İlimizin, ilçe, belde ve köylerimizin sorunları ile ilgilenecek 3 AKP’li + 2 CHP’li olmak üzere 5 vekilimiz var. 31 İl Genel Meclisi üyemiz var. 25 Belediye başkanımız, Belediye Meclis üylerimiz var. Siyasi partilerimizin il ve ilçe, belde örgütlenmeleri, başkanları, yönetim kurulu üyeleri var. Demokratik kitle örgütlerimiz var: Baro, TSO, GMİS, TMMOB ve diğer Odalarımız, Vakıflarımız, Esnaf kuruluşları, Derneklerimiz; ADD, Eğitimsen ve Eğitimiş, TEMA, Çevre Koruma Derneği, Türkiye Tabiatını Koruma, Çağdaş Yaşamı Koruma, Cumhuriyet Kadınları, Kooperatiflerimiz, Hemşehri derneklerimiz, Muhtarlarımız, Kültür ve Folklor Derneklerimiz, okullarımız, çocuklarımız ve yerel çevre platformları ile Kızılay’ından, Yeşilay’a, Yardımsevenler’e, mahalle ve köy dernekleri ve şu anda aklımıza getiremediğimiz (özür dileyerek) nice kuruluşlarımız ile elbette geniş halk kitleleri var.
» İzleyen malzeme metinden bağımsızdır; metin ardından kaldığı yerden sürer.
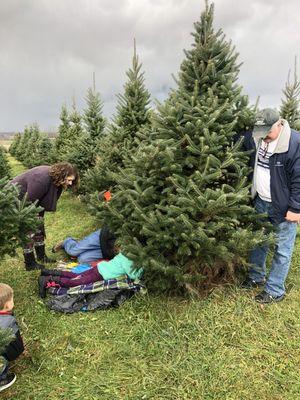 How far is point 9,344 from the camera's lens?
3.65m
Hep birlikte varız. Hepimiz bu kentte, ilçe ve beldelerinde, köylerinde yaşıyoruz. İyi, güzel. Oysa hava ve su bu gök kubbe altındaki tüm canlılar için değil midir? Ama bu talan sürüyor kentimizin dağında, toprağında ırmağında, havasında, suyunda. Ama yarınlara ne kalır bu talandan. Çocuklarımıza, torunlarımıza, doğası bu derece tahrip edilmiş, kirletilmiş, yaşanmaz hale getirilmiş bir kent mi bırakmalıyız?
PEKALA NASIL OLUYOR BU İŞLER?
Nasıl oluyor da bu paragöz şirketler; insan sağlığını, bütün canlıların yaşama hakkını yok sayabiliyorlar? Bu güzel doğayı talan etme izinini ve hakkını, orada yaşayan halkın karşı çıkmasına rağmen devlet kurumlarından nasıl, nasıl alabiliyorlar? Yasaları önünden okuyup, arkasından dolaşıp tüm değerlerimize nasıl el koymalarına izin verilebiliyor?
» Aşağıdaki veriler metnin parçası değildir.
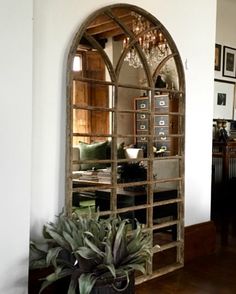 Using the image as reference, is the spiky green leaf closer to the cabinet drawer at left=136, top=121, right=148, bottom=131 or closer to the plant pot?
the plant pot

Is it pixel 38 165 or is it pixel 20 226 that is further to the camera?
pixel 38 165

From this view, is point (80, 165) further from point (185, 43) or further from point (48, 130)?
point (185, 43)

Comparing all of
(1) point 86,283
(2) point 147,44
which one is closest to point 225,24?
(2) point 147,44

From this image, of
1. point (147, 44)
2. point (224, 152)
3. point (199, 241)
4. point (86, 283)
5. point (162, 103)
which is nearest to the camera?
point (86, 283)

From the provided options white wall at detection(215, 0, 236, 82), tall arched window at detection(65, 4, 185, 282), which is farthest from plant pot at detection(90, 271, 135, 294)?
white wall at detection(215, 0, 236, 82)

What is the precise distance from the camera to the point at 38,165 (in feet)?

Bu paragöz şirketler; bölgede yaşayan insanları, karada- havada-suda yaşayan canlıları, doğanın kendi içindeki dengeleri, güzellikleri, tarihi, kültürü, turizmi düşünmeksizin, sadece para kazanmak için; balta-kazma-kürek-dozer-vinç- patlayıcı malzemeler kullanarak, ormanlarımızı ağaçlarımızı katlederek, yaşadığımız çevreyi kirleterek, yıkarak, yok ederek, topraklarımızı talan etme hakkını nasıl, nasıl kendilerinde bulabiliyorlar?
Ey Zonguldak, bu yıkıma-talana dur demenin bir yolu yordamı yok mudur?